As I said in the original email, I realize router IDs just need to be unique in an AS. We could have done random ones with IPv4, but using a well chosen address assigned to the router guarantees uniqueness as well as some other useful properties. I was wondering if people had some ways to do something similar with IPv6. But I think the most notable thing from the handful of responses (and thanks to all that responded) was that no one piped up who is actually doing it. I guess most everything is still dual-stack. And to get even a little more specific about our particular use case and the suggestion here to build the device location into the ID, we're generally not really talking about one ID per physical router here. I'm really talking about IPv6-only VRFs. The router (L3 switch, firewall, or whatever it may be) may have a mix of IPv6-only, IPv4-only, and dual-stack VRFs. I think multiple VRFs per device is no longer exotic configuration and closer to the norm. And before anyone suggests borrowing IPv4 addresses from other VRFs to use in the IPv6-only VRFs, that was something we discounted right away for what I think are pretty obvious reasons. On 2022-09-08 08:28, J. Hellenthal wrote:
Right!
Personally it just needs to be unique. Relying on a Id to be unique when ascociated to an IP address that may be used on a failover system seems really poor to me.

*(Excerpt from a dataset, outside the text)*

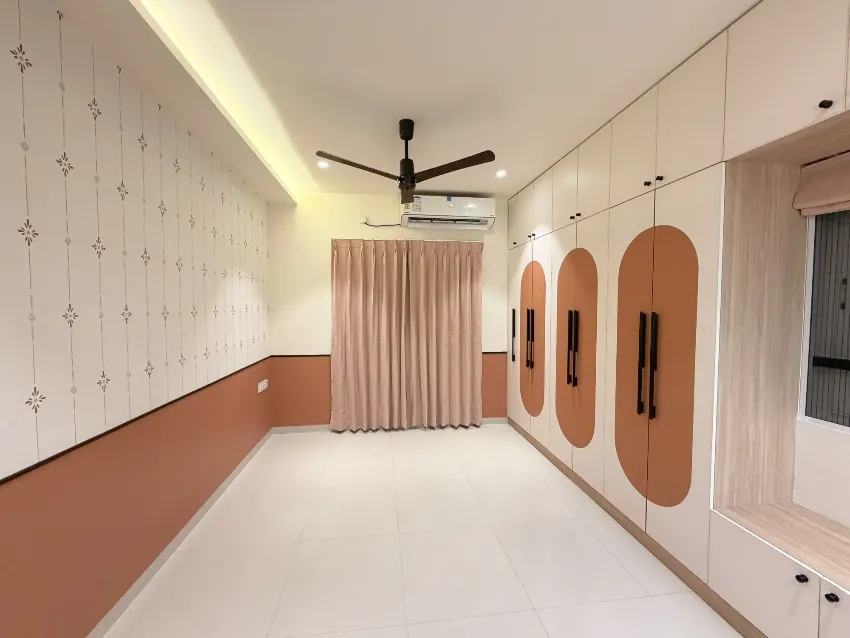Soft-toned bedroom with curved details completed by Trifold, Chennai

Assign a random ID and plug it into your IPAM!. If at anything assign a router ID to a rack location and associate every bit of information about that location in whatever you're tracking management can provide.
Personally I prefer date originated generated numbers that allow me to filter upon such and spill out the results to tell me where its at what rack its in, slot number etc...
But then again this is from a failover system perspective...
BOL
On Sep 8, 2022, at 10:13, Randy Bush <randy@psg.com> wrote:
During some IPv6 numbering discussions at work today, someone had a question that I hadn't really considered before. How to choose 32-bit router IDs for IPv6-only routers.
arbitrary 32 bit number unique in the autonomous system. even in an ipv4 world it does not need to match any configured interface address.